While this rule has generally been applied to individuals, I've found that it is just as applicable to workforce analytics. Decisions made in the first 100 days of an analytics program have strong impact on the success of a company's analytics journey; early efforts will pay dividends, while mistakes are hard to bury.
Earlier this year, an IBM report on starting the workforce analytics journey focused on what companies should do in these vital first 100 days. The key message? Workforce analytics is not an HR-only project. To succeed, it needs to be a business initiative aimed at improving decision-making for managers company-wide.
Collaboration across departments is just one aspect of a successful analytics program, however. Here are three other pieces of advice to keep in mind as you embark on the first few months of your analytics efforts:
IBM emphasized analytics was not simply an HR project, but it's not just a technology project, either. It requires more than buying the best software or making sure you have squeaky-clean data. The first step—and a key element of the first phase of a workforce analytics initiative—is to set the vision.
If you've gathered the tools and built a team for an analytics program, now is the time to gather information from business leaders in order to prioritize your goals, understand your stresses and identify areas where HR analytics can help.
These initial talks are also important for HR to gauge how other business units view your department. Is HR seen purely as a backroom operational function or viewed as a strategic partner delivering business value? If the balance is tipped heavily towards the operational side, then your HR analytics team needs to put in time and effort to build trust and persuade business execs that HR is delivering more than transactional insights.
Once everyone is on board, it's time to prove your worth—but it's best to temporarily park grand ideas.
Instead of trying to implement a massive change in a management program or a new cost-savings initiative, focus on a quick-win project that can be completed within those first 100 days. Only with a successful project under your belt can you begin to plan and receive the resources for more ambitious initiatives.
Modest ambition is important when it comes to data and technology. Data can be a major stumbling block—and the most common excuse—for failing to start an analytics initiative. If you wait for perfect data, your analytics project will never get started. Data doesn't need to be 100 percent accurate: whether attrition rates are found to be 10 percent or 11 percent, the action is still going to be the same, so don't sweat the small stuff.
Of course, this doesn't mean that data accuracy isn't important—it's absolutely necessary. But HR needs to work with business executives to determine how accurate the data needs to be or to limit the data sample to areas with more accurate data. Finding the right data requires considering individual needs for each business case.

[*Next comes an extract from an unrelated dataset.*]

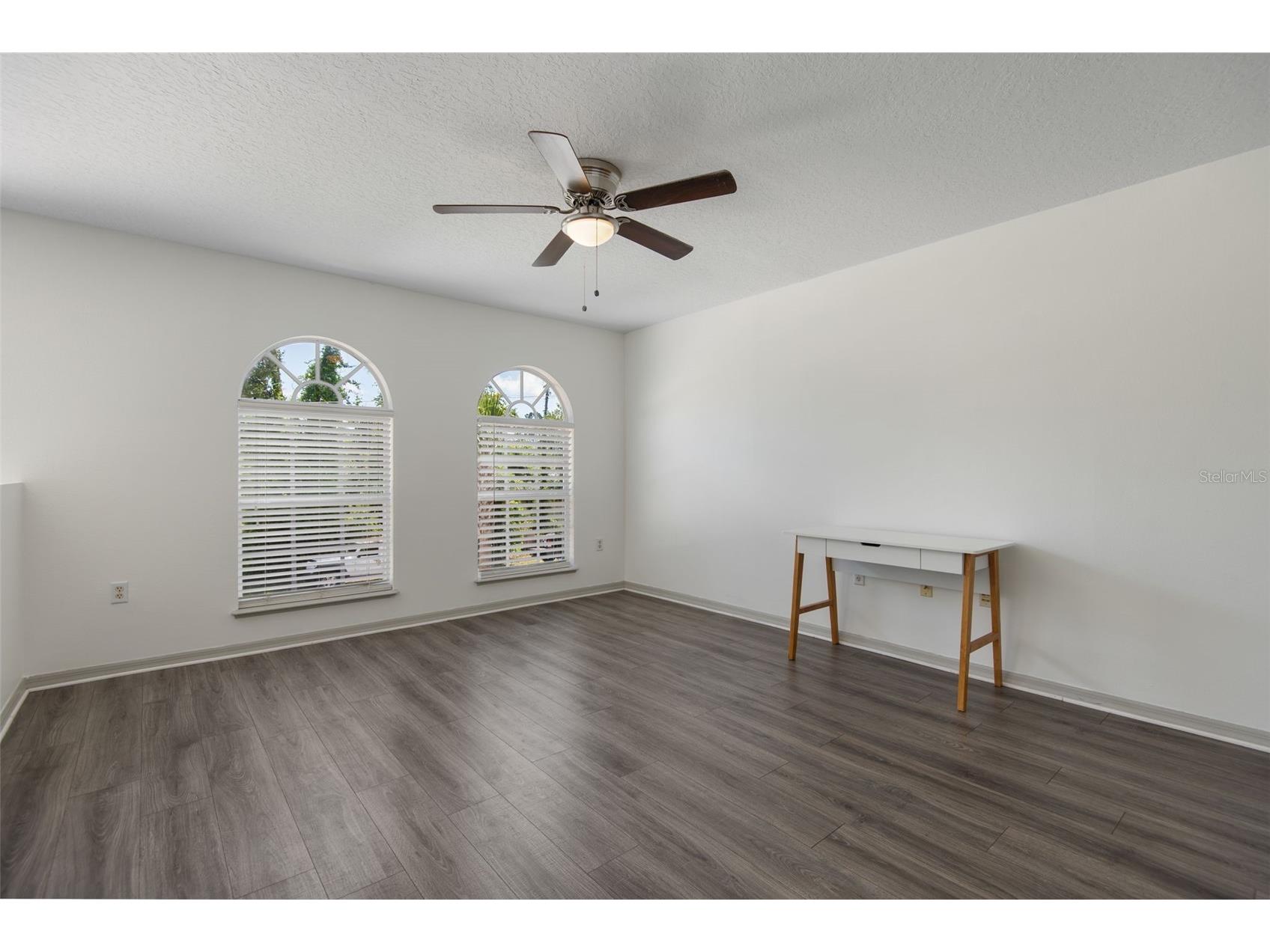 14 Llewellyn Trail Palm Coast FL 32164 FC318633 image32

While you may have a solid team to start running analytics, it's likely not a full-blown team solely dedicated to workforce data—you probably have people doing work across departments, or helping out in their spare time. While this strategy may work for the first 100 days, it's important to consider how you will continue to bolster your team and build out the right skills sets to push your analytics initiatives forward.
In the long-term, you will need more complex skills and dedicated experts across different areas of the company. Will you train people in-house, or will you look outside the company for talent? Will people join the analytics team as one part of their current jobs, or will you create a separate sub-group with HR?
In these first few months of your big data program, remember these key lessons if you want to succeed: more than HR; vision not technology; good enough data; and a solid team. If you're able to not only convince business leaders of your vision, but also show them how you can bring it life—small project by small project—you'll be on the road to a thriving, sustainable and impactful workforce analytics journey.